Using a computer-based model allowed us to explore a wide gamut of injection rates, contrast volumes, and cardiac outputs, and we created objective metrics based on the modulation transfer function. We found that cardiac output, contrast injection volume, and image acquisition times all affect the optimum injection rate for which maximum area under the MTF curve and resolution is achieved. This work suggests optimal image resolution is achieved at intuitively slow injection rates (0.2-1.0 mL/s, dependent on imaging parameters). Higher injection rates rely purely on recirculation to maintain R1 enhancement during peripheral k-space acquisition, and this modeling suggests that this leads to significant resolution loss.

This work suggests that slower injections better optimize resolution by virtue of the longer injection duration, allowing for greater uniformity of R1 enhancement throughout k-space acquisition. This increased resolution comes with only a minimal loss of SNR due in part to the non-linearity of R1 relaxivity and the R2* degradation seen with high gadolinium concentrations, as can be seen graphically in our modulation transfer function curves (Figure 1).

Acknowledgements

No acknowledgement found.

References

1. Maki JH, Clark TJ, Wilson GJ. 3D Modeling of Spatial Resolution Limitations in Contrast-Enhanced MRA Related to the Contrast Bolus Profile using an Analysis of the Modulation Transfer Function. Presented at the ISMRM 2014 Joint Annual Meeting; Milan, Italy.

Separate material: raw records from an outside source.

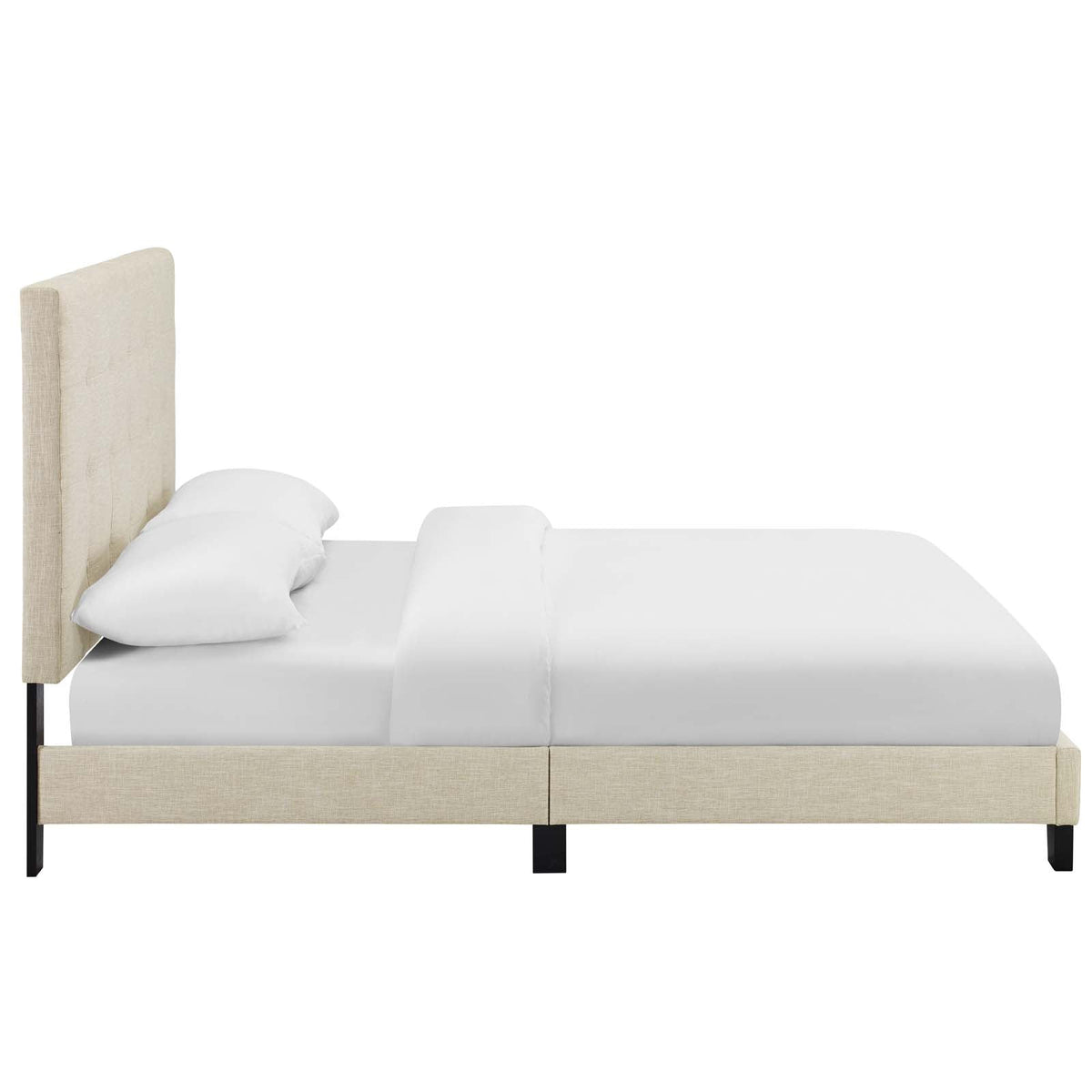 Melanie Beige Tufted Button Upholstered Fabric Full Platform Bed - Ornate Home
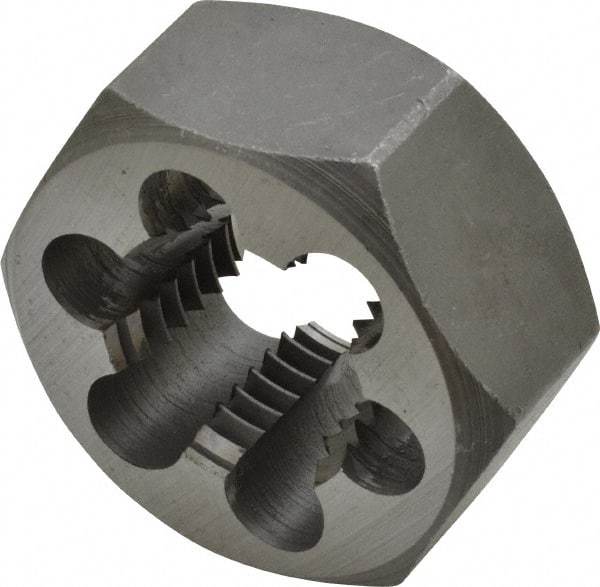 Interstate - 1-1/8 - 8 UNS Thread, 2" Hex, Right Hand Thread, Hex Rethreading Die - Carbon Steel, 1" Thick - Exact Tool & Supply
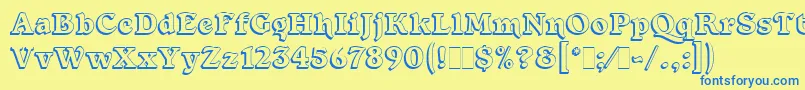 ForestShadedLetPlain.1.0 Font – Blue Fonts on Yellow Background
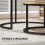Homcom HOMCOM 2 Pcs Stacking Coffee Table Set with Steel Frame, Natural 6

2. Jiang J, Haacke EM, Dong M. Dependence of vessel area accuracy and precision as a function of MR imaging parameters and boundary detection algorithm. JMRI 2007;25: 1226-1234.

3. Wilson GJ, Woods M, Springer CS, Jr., et al. Human whole-blood H O longitudinal relaxation with normal and high-relaxivity contrast reagents: Influence of trans-cell-membrane water exchange. Magnetic resonance in medicine: official journal of the Society of Magnetic Resonance in Medicine / Society of Magnetic Resonance in Medicine 2013.

4. T1 and T2* Relaxation Rates of Four Gadolinium Based Contrast Agents in Whole Human Blood at First-Pass Concentrations: Non-Linearities and Their Impact on Optimizing Contrast-Enhanced MRA. International Society of Magnetic Resonance in Imaging 21st Annual Meeting & Exhibition; 2013; Salt Lake City, UT.

Figures

Figure 1: Modulation transfer functions for renal (top) and carotid (bottom) imaging parameters. 3T field strength, 4.8L/minute cardiac output, 16 mL contrast injection volume, in the phase encoding direction. Contrast injection rates are depicted in the legend.

Figure 2: Area under modulation transfer function curve (AUC) and MTF50% resolution versus injection rate for renal (top) and carotid (bottom) imaging parameters. 3T field strength, 4.8L/minute cardiac output, 16 mL contrast injection volume, phase encoding direction.

Figure 3: Surface maps of injection rate producing optimum resolution (minimum MTF50%) for renal (left) and carotid (right) imaging parameters at 3T field strength as cardiac output and injection volume are varied.

Figure 4: Surface maps of injection rate producing maximum area under the modulation transfer function curve (AUC) for renal (left) and carotid (right) imaging parameters at 3T field strength as cardiac output and injection volume are varied.

Figure 5: Surface maps of peak modulation transfer (SNRmax) achieved at the injection rate producing optimum resolution (minimum MTF50%) for renal (left) and carotid (right) imaging parameters at 3T field strength as cardiac output and injection volume are varied.